El resultado de tremendo esfuerzo y dedicación ha sido … normalito.
Quiero decir, que si vienes hoy a ver mi casa sin haberla visto anteriormente, la actuación no te va a llamar la atención especialmente.
He terminado y tengo cuatro habitaciones normalitas.
Sin nada especial, ni un alarde de diseño, ni de decoración, ni de distribución.
Son habitaciones ordinarias.
Pero eso no quita que me sienta orgulloso del resultado ni del esfuerzo porque mi objetivo no estaba en hacer habitaciones extraordinarias.
Es decir, no pretendo ser un Elon o un Jobs, que de forma ordinaria se dedican (se dedicaban en caso de Jobs) a hacer cosas extraordinarias.
Mi objetivo es hacer cosas ordinarias, pero de forma extraordinaria.
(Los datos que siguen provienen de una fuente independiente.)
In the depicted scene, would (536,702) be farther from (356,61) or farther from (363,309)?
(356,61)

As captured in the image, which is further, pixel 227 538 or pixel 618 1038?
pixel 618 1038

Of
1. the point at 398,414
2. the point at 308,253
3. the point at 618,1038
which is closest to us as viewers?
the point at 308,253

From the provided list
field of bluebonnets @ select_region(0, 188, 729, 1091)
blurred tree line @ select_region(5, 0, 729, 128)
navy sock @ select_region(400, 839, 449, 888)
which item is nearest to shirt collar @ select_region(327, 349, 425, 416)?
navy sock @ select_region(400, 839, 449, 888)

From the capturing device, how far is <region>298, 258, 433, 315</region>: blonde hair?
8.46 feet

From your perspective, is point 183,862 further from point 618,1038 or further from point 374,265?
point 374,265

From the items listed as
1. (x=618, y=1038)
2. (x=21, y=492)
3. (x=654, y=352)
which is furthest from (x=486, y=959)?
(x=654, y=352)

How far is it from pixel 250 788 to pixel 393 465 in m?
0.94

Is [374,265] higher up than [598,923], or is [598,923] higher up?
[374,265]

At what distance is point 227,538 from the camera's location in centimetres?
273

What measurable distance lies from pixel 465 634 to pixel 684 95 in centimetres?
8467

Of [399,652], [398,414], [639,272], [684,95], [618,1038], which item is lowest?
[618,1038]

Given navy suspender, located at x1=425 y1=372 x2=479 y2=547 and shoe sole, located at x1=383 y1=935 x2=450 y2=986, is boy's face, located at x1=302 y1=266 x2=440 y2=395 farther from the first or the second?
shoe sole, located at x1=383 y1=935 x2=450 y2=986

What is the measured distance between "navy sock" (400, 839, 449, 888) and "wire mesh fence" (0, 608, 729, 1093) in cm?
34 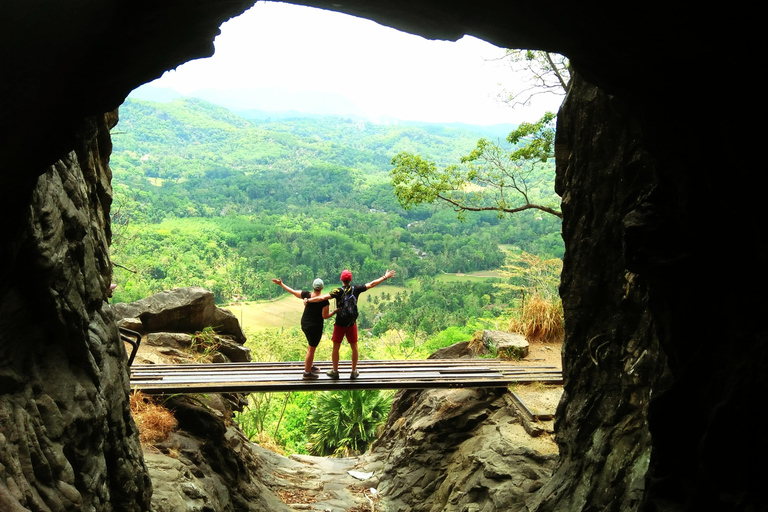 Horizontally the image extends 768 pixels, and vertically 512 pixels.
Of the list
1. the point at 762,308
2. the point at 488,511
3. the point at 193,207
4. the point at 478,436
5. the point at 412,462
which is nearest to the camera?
the point at 762,308

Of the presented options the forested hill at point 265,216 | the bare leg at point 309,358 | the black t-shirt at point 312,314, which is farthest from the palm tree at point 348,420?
the forested hill at point 265,216

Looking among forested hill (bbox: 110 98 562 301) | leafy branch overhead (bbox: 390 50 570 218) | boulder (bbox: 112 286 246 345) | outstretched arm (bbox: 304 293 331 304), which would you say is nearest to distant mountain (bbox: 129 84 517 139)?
forested hill (bbox: 110 98 562 301)

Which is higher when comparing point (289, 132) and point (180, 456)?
point (289, 132)

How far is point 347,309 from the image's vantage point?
8.56 m

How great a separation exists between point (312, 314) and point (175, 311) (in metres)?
5.02

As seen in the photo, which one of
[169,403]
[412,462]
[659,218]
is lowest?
[412,462]

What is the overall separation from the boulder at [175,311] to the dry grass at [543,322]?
7.41 meters

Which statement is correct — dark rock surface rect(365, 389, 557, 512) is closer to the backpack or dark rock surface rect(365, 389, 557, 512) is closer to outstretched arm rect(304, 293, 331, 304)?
the backpack

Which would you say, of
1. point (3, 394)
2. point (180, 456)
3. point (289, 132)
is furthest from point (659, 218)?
point (289, 132)

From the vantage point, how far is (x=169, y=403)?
8492 mm

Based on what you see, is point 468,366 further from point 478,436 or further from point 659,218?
point 659,218

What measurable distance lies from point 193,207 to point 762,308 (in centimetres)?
5875

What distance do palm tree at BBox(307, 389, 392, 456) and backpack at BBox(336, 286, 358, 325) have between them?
7.59 meters

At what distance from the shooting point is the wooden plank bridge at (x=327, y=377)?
8.52 metres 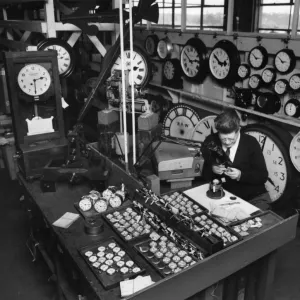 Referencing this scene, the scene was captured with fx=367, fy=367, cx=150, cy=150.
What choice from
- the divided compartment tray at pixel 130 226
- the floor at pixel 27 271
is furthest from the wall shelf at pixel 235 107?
the divided compartment tray at pixel 130 226

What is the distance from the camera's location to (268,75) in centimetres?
367

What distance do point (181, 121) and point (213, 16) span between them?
1.50 metres

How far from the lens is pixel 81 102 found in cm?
590

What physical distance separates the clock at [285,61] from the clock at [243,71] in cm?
37

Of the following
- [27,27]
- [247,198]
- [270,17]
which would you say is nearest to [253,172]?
[247,198]

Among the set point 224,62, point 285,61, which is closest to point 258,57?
point 285,61

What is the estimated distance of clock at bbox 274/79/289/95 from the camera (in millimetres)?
3537

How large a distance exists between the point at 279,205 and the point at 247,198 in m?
1.18

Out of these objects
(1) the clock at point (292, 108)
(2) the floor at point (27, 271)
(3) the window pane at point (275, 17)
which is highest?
(3) the window pane at point (275, 17)

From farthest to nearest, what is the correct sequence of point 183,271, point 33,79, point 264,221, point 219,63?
point 219,63 < point 33,79 < point 264,221 < point 183,271

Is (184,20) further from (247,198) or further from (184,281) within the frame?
(184,281)

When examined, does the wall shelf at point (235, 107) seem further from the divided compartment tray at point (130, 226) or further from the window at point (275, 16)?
the divided compartment tray at point (130, 226)

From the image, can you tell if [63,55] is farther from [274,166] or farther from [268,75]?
[274,166]

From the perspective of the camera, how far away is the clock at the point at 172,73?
4.90 metres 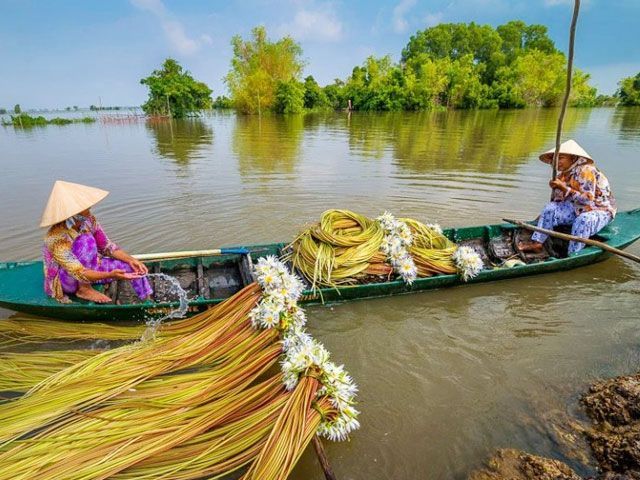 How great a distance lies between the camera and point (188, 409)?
105 inches

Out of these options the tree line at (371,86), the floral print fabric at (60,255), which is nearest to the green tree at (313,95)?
the tree line at (371,86)

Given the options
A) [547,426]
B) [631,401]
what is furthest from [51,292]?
[631,401]

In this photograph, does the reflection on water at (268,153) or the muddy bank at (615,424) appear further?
the reflection on water at (268,153)

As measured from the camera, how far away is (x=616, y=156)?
13625mm

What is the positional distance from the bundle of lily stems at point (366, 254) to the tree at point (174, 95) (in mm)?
41921

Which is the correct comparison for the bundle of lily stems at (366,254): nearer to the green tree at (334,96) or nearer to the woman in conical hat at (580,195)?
the woman in conical hat at (580,195)

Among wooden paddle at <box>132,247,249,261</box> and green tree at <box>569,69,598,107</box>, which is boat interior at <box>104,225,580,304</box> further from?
green tree at <box>569,69,598,107</box>

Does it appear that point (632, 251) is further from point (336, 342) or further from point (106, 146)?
point (106, 146)

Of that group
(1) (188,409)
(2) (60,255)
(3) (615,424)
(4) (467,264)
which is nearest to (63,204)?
(2) (60,255)

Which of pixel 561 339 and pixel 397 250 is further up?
pixel 397 250

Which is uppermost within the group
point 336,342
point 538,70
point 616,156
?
point 538,70

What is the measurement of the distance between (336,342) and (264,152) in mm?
13062

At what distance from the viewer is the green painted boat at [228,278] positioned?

No importa qué tarea tenga que hacer.
Ya sea una toma de datos de una vivienda, mandar un correo electrónico, un plano, un cálculo de estructuras, la contabilidad de la casa o esta newsletter.
Cualquier cosa que me toque a hacer me esfuerzo en hacerla lo mejor posible, en que sea algo destacable, que sea algo extraordinario.
No me vale con salir del paso, con resolver el problema. Quiero que sea una referencia, que sirva de ejemplo, que se convierta en una plantilla para próximos usos.
En definitiva, que me sienta orgulloso de mi trabajo, que sea un resultado sobresaliente, extraordinario, aunque lo que haga sea algo ordinario.
No lo consigo siempre, pero siempre lo intento.